While this immersive experience brings to life what Disney’s original film achieved, it feels as though it doesn’t quite go far enough with its ideas and imagination.
I have long been fascinated by Disney’s 1940 film Fantasia, from childhood I fell in love with all of the ‘stories’ that were used to showcase some wonderful pieces of classical music. The film awakened me to the joy of classical music and the emotions and images it has the power to create, which is why it thrilled me when Sounds and Sorcery: Celebrating Disney’s Fantasia was announced to transport audiences at The Vaults.
Bright, bold and colourful, audiences are guided through the world of Disney’s Fantasia, with the help of headphones playing the pieces of music used in the film as you wonder around several imaginative and occasionally charming spaces.
Directed by Daisy Evans, Sounds and Sorcery: Celebrating Disney’s Fantasia does successfully highlight the original concept of the film of how music can conjure up a variety of emotions and images as you listen to it. This is particularly showcased in the beautiful Nutcracker Suite, filled with human sized plants and mushrooms that light up and a variety of other effects that really mesmerise and charm.
The Dance of the Hours ballet is also fun to watch (although you have to try and time it right so you catch it from the beginning as they only perform at certain times) and really captures the spirit of that particular sequence in the film.
But there are some elements of the show that feel slightly disappointing such as The Rite of Spring element, featuring pre-historic volcanos but little else to engage the audience and doesn’t necessarily make the audience want to linger and listen to the full piece of music. This and a couple of other little elements could have been expanded further to keep the audience interested.
Another slight issue is that at times the sound isn’t as smooth as it could be and so the orchestra’s richly performed recordings of these beautiful pieces of music is occasionally crackled and difficult to make out.

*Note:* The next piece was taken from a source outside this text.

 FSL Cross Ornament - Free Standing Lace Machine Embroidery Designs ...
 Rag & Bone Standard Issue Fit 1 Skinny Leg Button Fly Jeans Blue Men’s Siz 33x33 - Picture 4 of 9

However, I loved the clear thought and imagination that has gone into this – it is very much a 2018 interpretation of what potentially Disney’s Fantasia would look like if it was remade now – particularly seen in the A Night On Bare Mountain sequence towards the end, with its use of contemporary dance. But it is down to Kitty Callister’s set that the audience feels completely immersed in this world.
Imaginative, creative and fun are definitely words to use for this immersive experience – but Sounds and Sorcery: Celebrating Disney’s Fantasia lacks in finesse, with some ideas seemingly coming across as half-formed and could be built on so much more to make this a more thrilling experience.
By Emma Clarendon
The Vaults Presents Sounds and Sorcery: Celebrating Disney’s Fantasia continues to take place until the 30th September.